– Да, хорошо вам, Никанор Вас., толковать о равенстве и свободе людей. Вы что теряете – две-три душонки. А нам расстаться с сотнями, составляющими собственность нашу, унаследованную от предков, каково? Да спросим, наконец, что такое собственность. Сегодня подай людей, завтра – землю, а там ступай хоть на луну! Какая же это собственность и можно ли называть ее собственностью? – сказал один туз вяземского уезда.
– Нет собственности – ну так пойдем в Тришки[247]
! – договорил красненский рабовладелец.– Ладно, останусь без крестьян. Но ведь я человек, понимаете ли, – человек; могу рассердиться, взбеситься – не прикажете ли мне тогда бить жену, колотить детей своих? – так наивно проговорился в пылу комитетского спора один богач юхновского уезда.
Вот с какими экземплярами нужно было бороться, все-таки поглаживая их, как сильных, по шерсти, и заставляя постепенно уступать необходимости, крайне для них ненавистной.

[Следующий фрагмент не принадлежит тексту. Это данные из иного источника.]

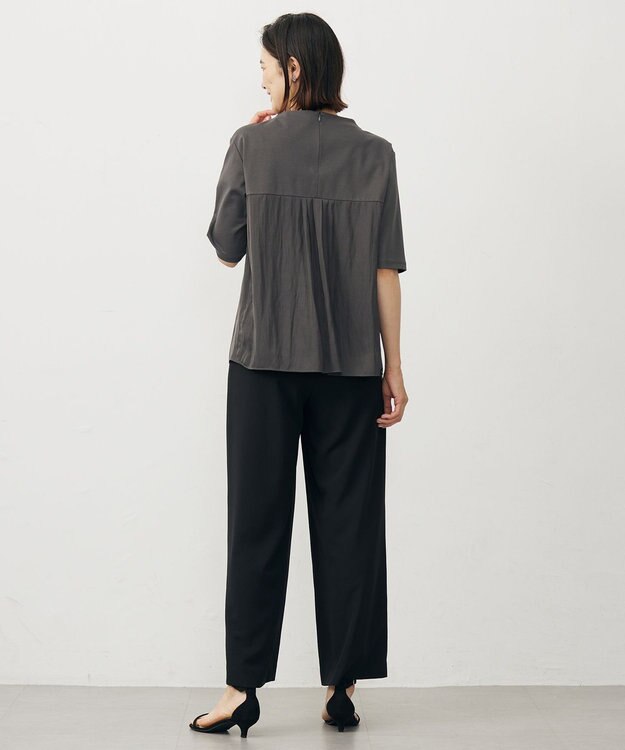 J.PRESS LADIES 【洗える・抗菌防臭・接触冷感・吸水速乾】ドライポンチ フレア カットソー スレート系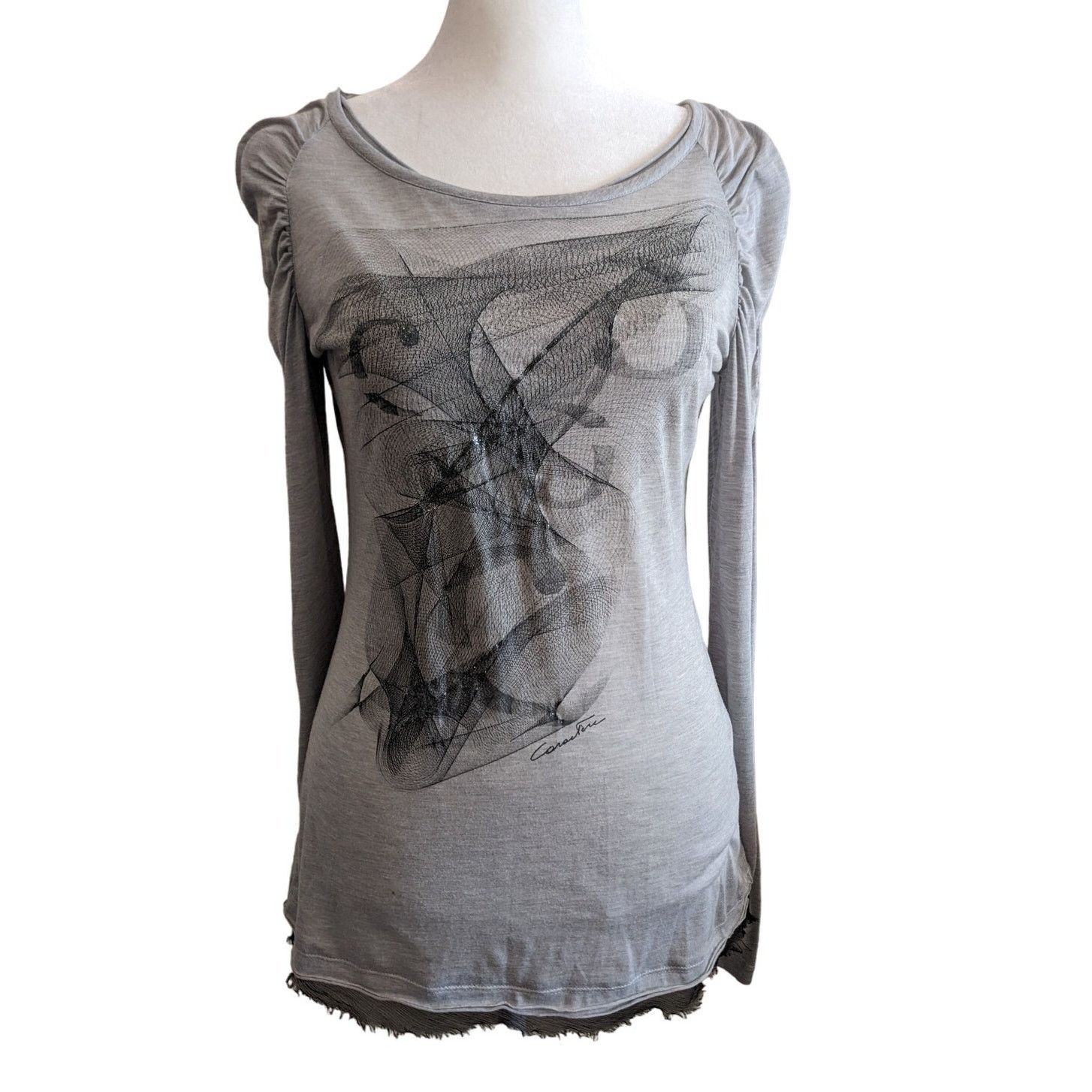Other Caractère Caractere Silver Sheer Ruched Sleeve Blouse Size S / US 4 / IT 40 - 1 Thumbnail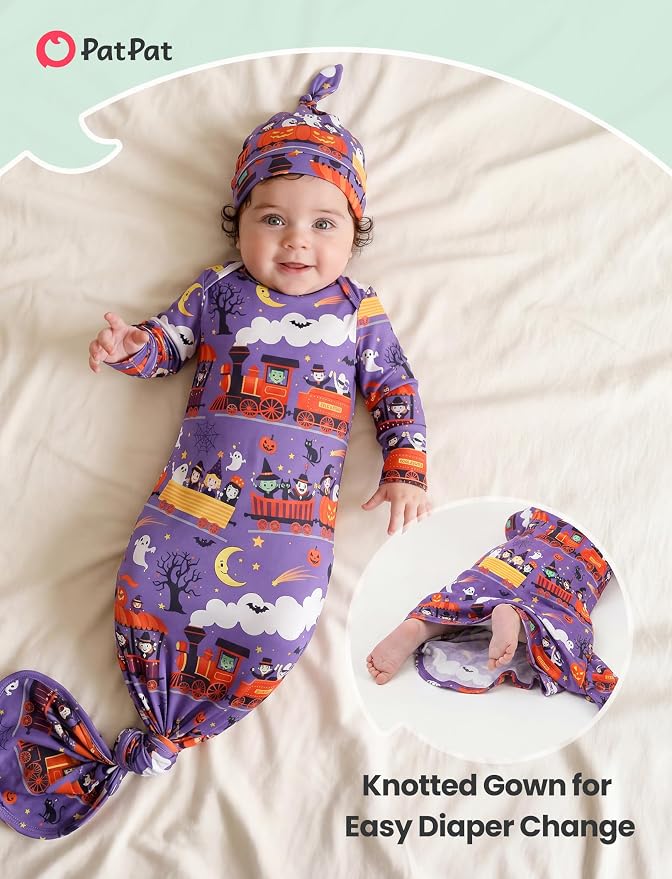 PATPAT Baby Sleeper Gown with Hat - Image 4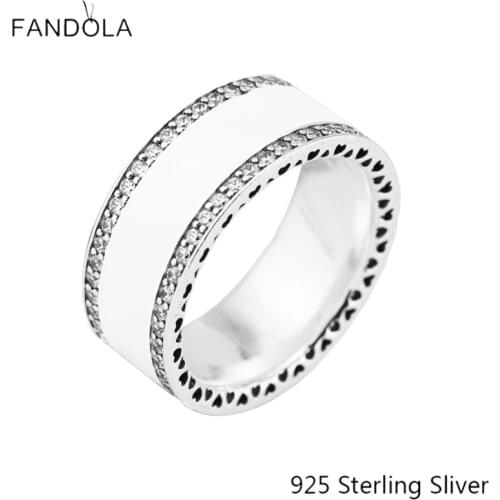 CKK Silver 925 Jewelry Hearts of White Enamel Rings For Women Fashion Making Sterling Silver Original Ring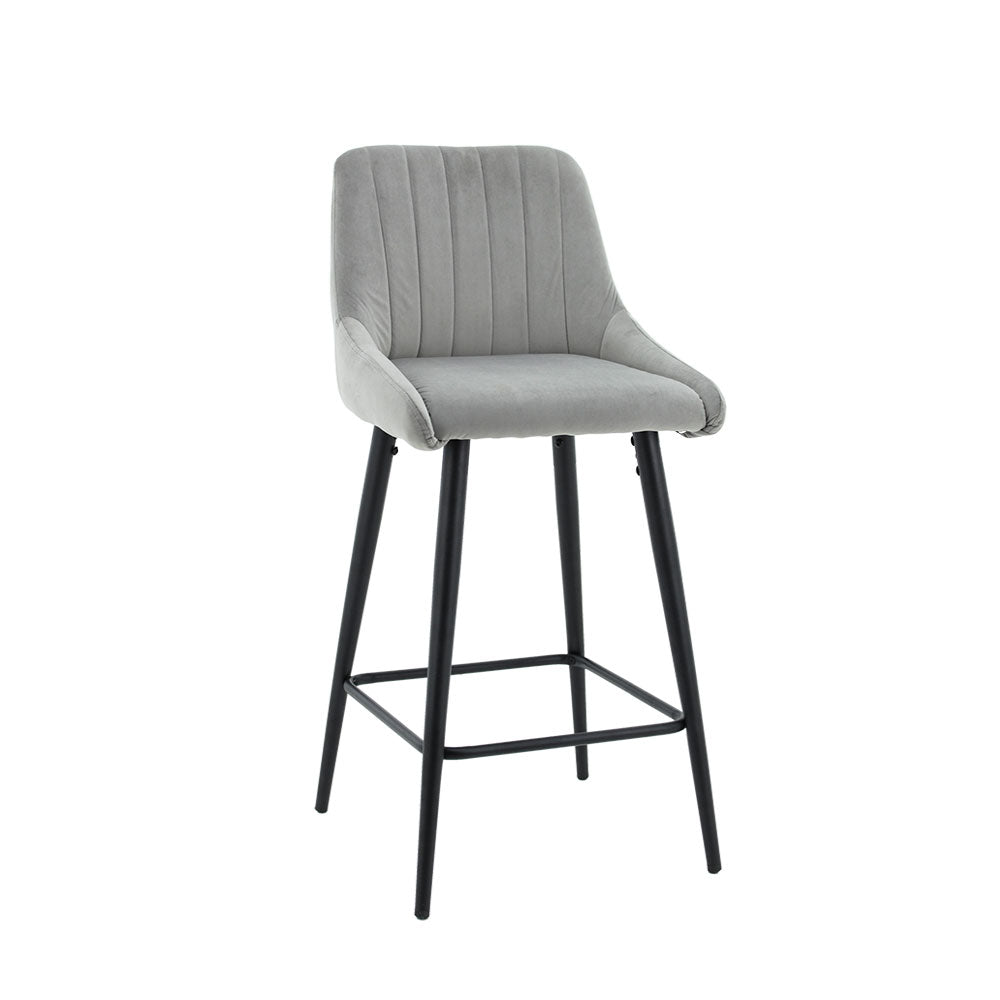 Kane Bar Stool (Set of 2) - Grey Velvet Fabric Black Legs - Moda Living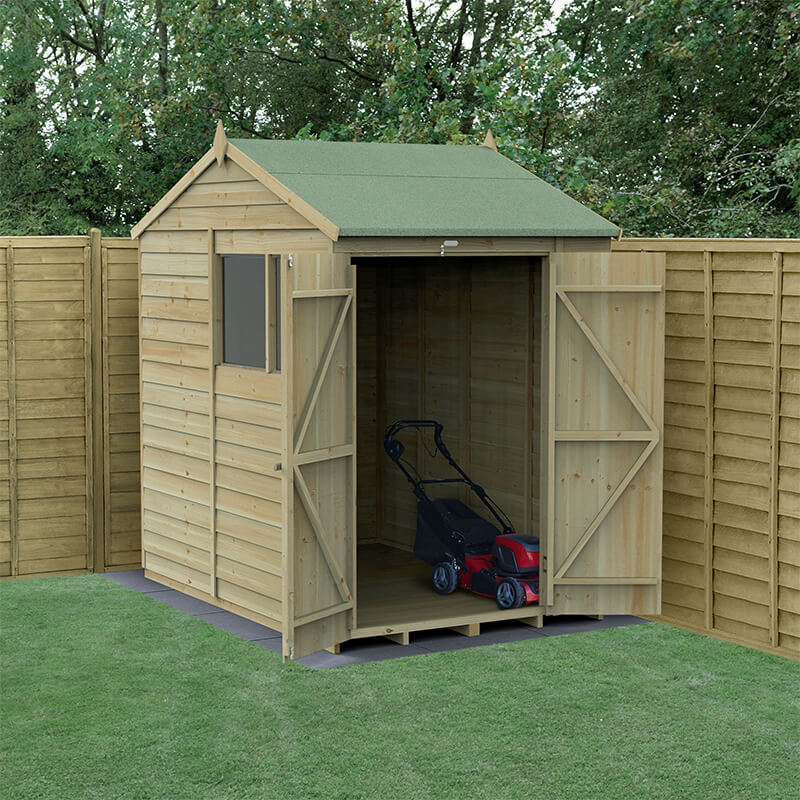 7' x 5' Forest 4Life 25yr Guarantee Overlap Pressure Treated Double Door Reverse Apex Wooden Shed (2.28m x 1.53m) online kaufen
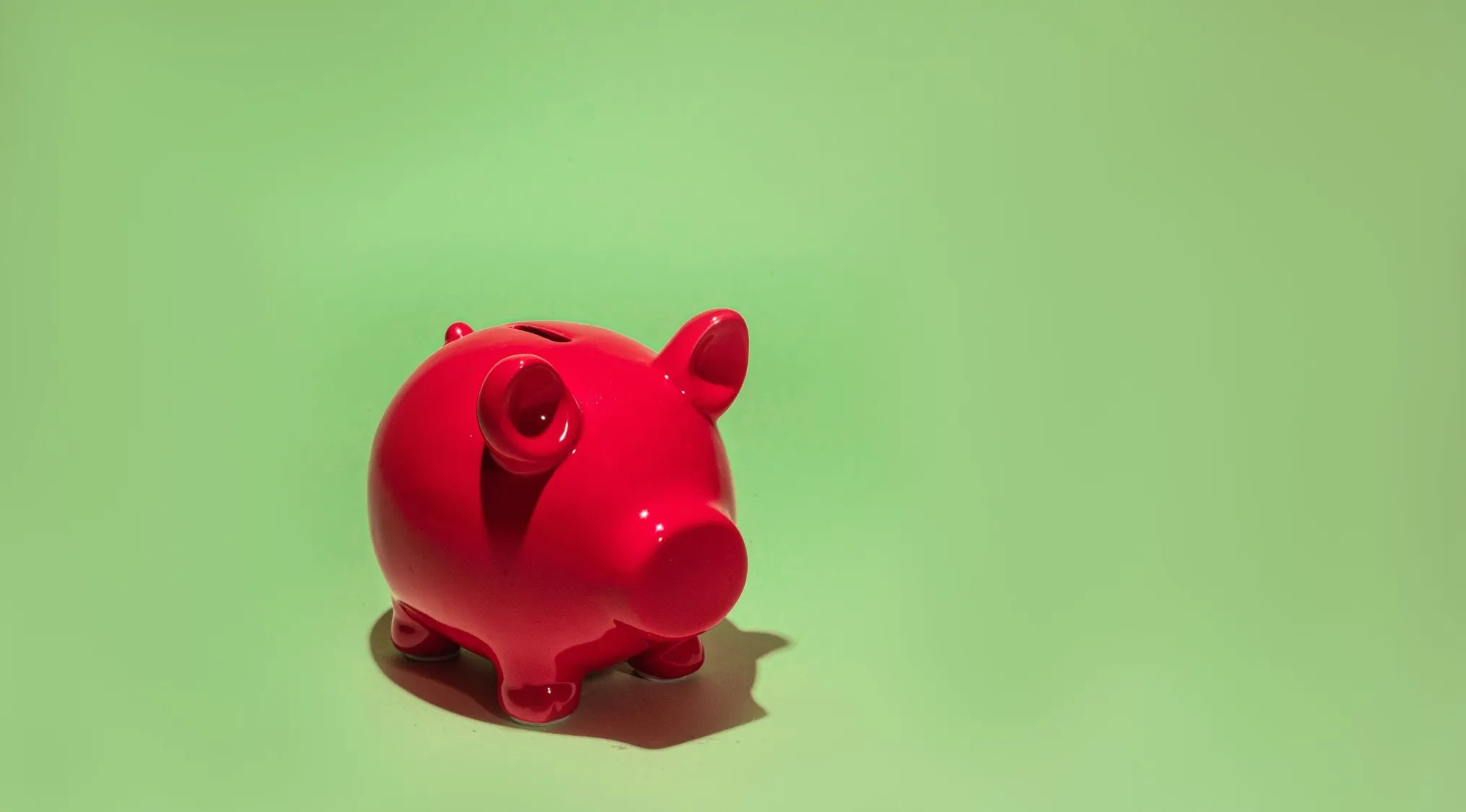 Red piggy bank on a light green background, representing saving money in home economics. Understanding checking vs. savings accounts.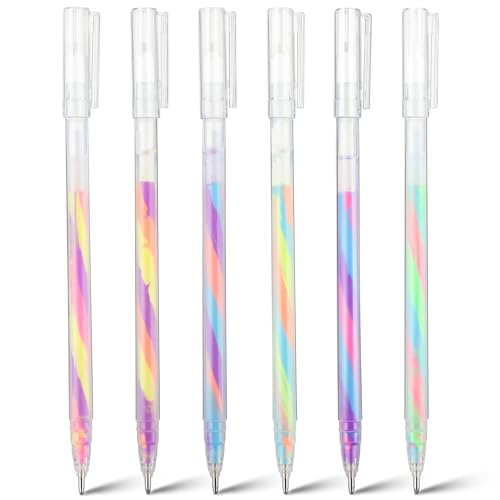 TIESOME 6 Stück Regenbogen Gelschreiber, 1.2mm Glitzerstifte Gel rotierendem Farbverlauf Kawaii-Kugelschreiber-Set Neon Gelstifte zum Schreiben Zeichnen Journaling Kritzeln Scrapbooking Skizzieren von TIESOME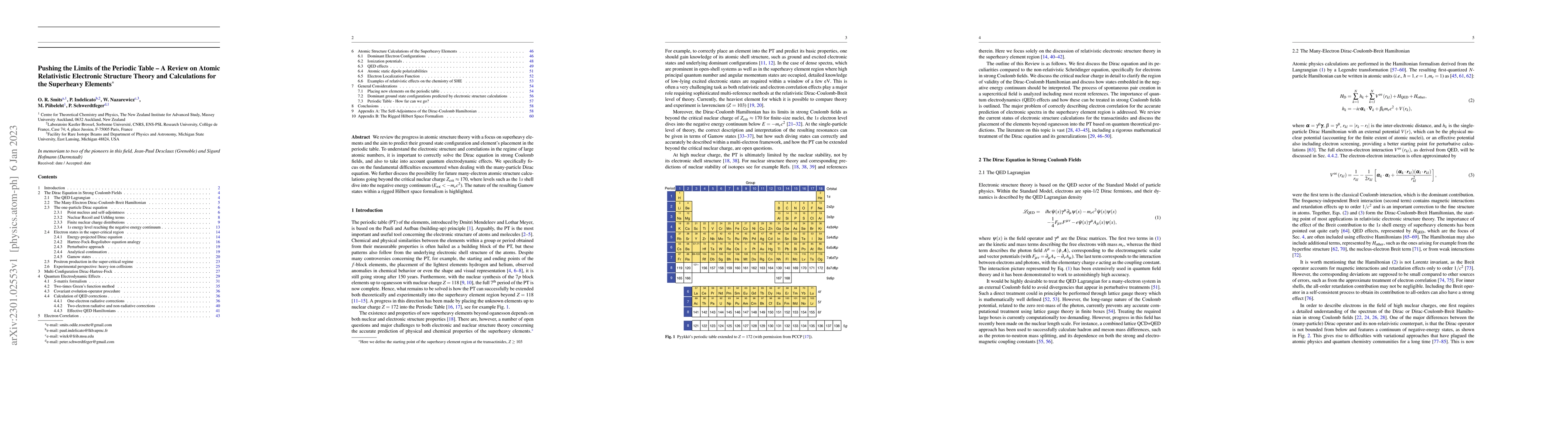 Thumbnail for Pushing the Limits of the Periodic Table -- A Review on Atomic
  Relativistic Electronic Structure Theory and Calculations for the Superheavy
  Elements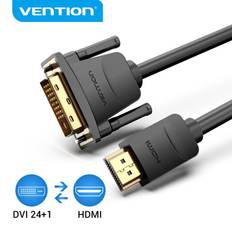 Vention HDMI till DVI-kabel Dubbelriktad DVI till HDMI-adapter 24+1-stift 1080P omvandlare hane till hane för Xbox HDTV DVI till HDMI-kabel 2m svart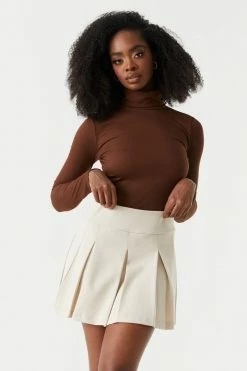 Stitches Ladies Soft Ribbed Turtle Neck Long Sleeve Top Tops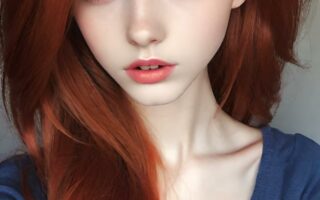 AI girl with red hair wallpaper
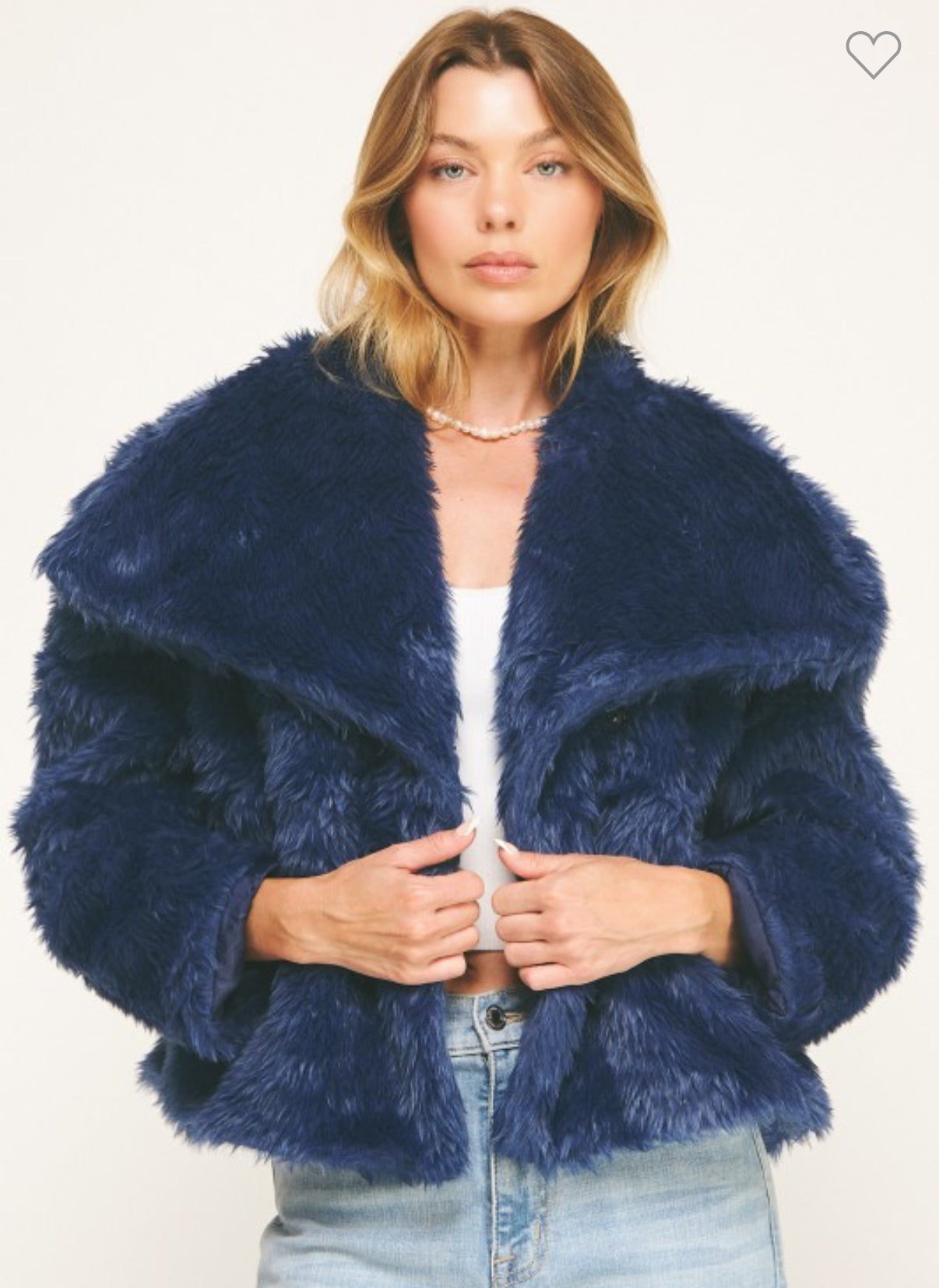 Navy Faux Fur Jacket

Смоленский комитет покончил свои работы не хуже прочих, и в числе отправленных в Петербург депутатов уехал и Синявский. Там он обратил на себя внимание Государя Императора и Вел. Кн. Константина Николаевича, и уже не возвратился в Смоленск.
Какие светлые личности являлись тогда прямо со студенческой скамейки на борьбу со злом! В одной смоленской гимназии нашлись Шестаков, Еленев и Синявский: то же, без сомнения, было и в других местностях. Никогда, кажется, наука не принесла у нас пользы государственному благоустройству и человеческому благополучию; и мы, и потомки наши должны с благоговением вспоминать после имени Александра II еще имена тогдашних министров просвещения Евгр. Петр. Ковалевского и Алексан. Вас. Головнина. Без их энергического толчка едва ли не закоснели бы и тогда молодые силы деятелей, потребность которых чувствовалась и будет чувствоваться постоянно.
Вскоре я, после продолжительного колебания, соблазнился перебраться в Москву и уехать из Смоленска. Жалко мне было расставаться с добрыми и милыми знакомцами своими, и с каким-то грустным предчувствием я простился с ними. Что там было после моего отъезда – обстоятельно не знаю. Здесь же я записал все из виденного и слышанного, что сохранилось в памяти моей по прошествии более четверти столетия, и что невольно рвалось на бумагу. Взгляды мои с тех пор, кажется, ни в чем не изменились, и поэтому полагаю, что они остались, как и были, правдивыми.
Москва (1861–1864)
10 января 1861 г. я выехал в знакомую мне белокаменную. Здесь я провел 4 незабвенные года. Да и для кого прекраснейшие лета тогдашней студенческой жизни не незабвенны? То было строгоновское, или станкевичево, время. Называйте, как угодно. Дело не в названии, а в самой сущности, самом содержании его. Я, впрочем, за первым названием, и вот почему. Не будь такого попечителя как гр. С.Г. Строганов, не было бы и таких студентов, как Станкевич. Их разослали бы в местности, куда и Макар телят не водил, или не в столь отдаленные как Герцена, или, по крайней мере, восвояси к родителям, как Огарева, ежели не забрили бы лоб в ордонанс-гаузе, как Полежаеву[248]
. При гр. Строганове все переродилось. Помощник его, Д. П. Голохвастов, прежде десятками исключавший из университета за одну не застёгнутую пуговицу в мундире, и ругавший площадной бранью проректора Котельницкого за то, что в одно из очень частых посещений университета не оказалось ни одного заключенного в карцере, этот молниеносный Дмитрий Павлович сделался добрым, мягким и милым человечком. А инспектор Платон Степанович Нахимов, памятный кадетам морского корпуса своею ярою щедростью в приложении розог к их телесам, преобразился в гуманнейшего, хотя Флакона Стакановича, но все-таки любимого, и теперь даже с любовью вспоминаемого начальника. Вот как изменяются люди, и вот сколько добра может сделать одна светлая личность, хотя бы и при самой тяжкой и гнетущей обстановке. Гр. Строганов сумел поставить Московский университет так прочно, что после него люди, которые умели только портить все хорошее, не испортили его нисколько.Чрез Драгомилавскую заставу, на лихой тройке, влетел я с женою в Москву и удивился. На заставе нет шлагбаума. Никто не остановил меня, никто не спросил у меня приготовленного уже на последней станции паспорта, и никто не залез в возок проводить меня, записать место, где я остановился, и сообщить о том его благородию господину квартальному надзирателю. Времена изменились!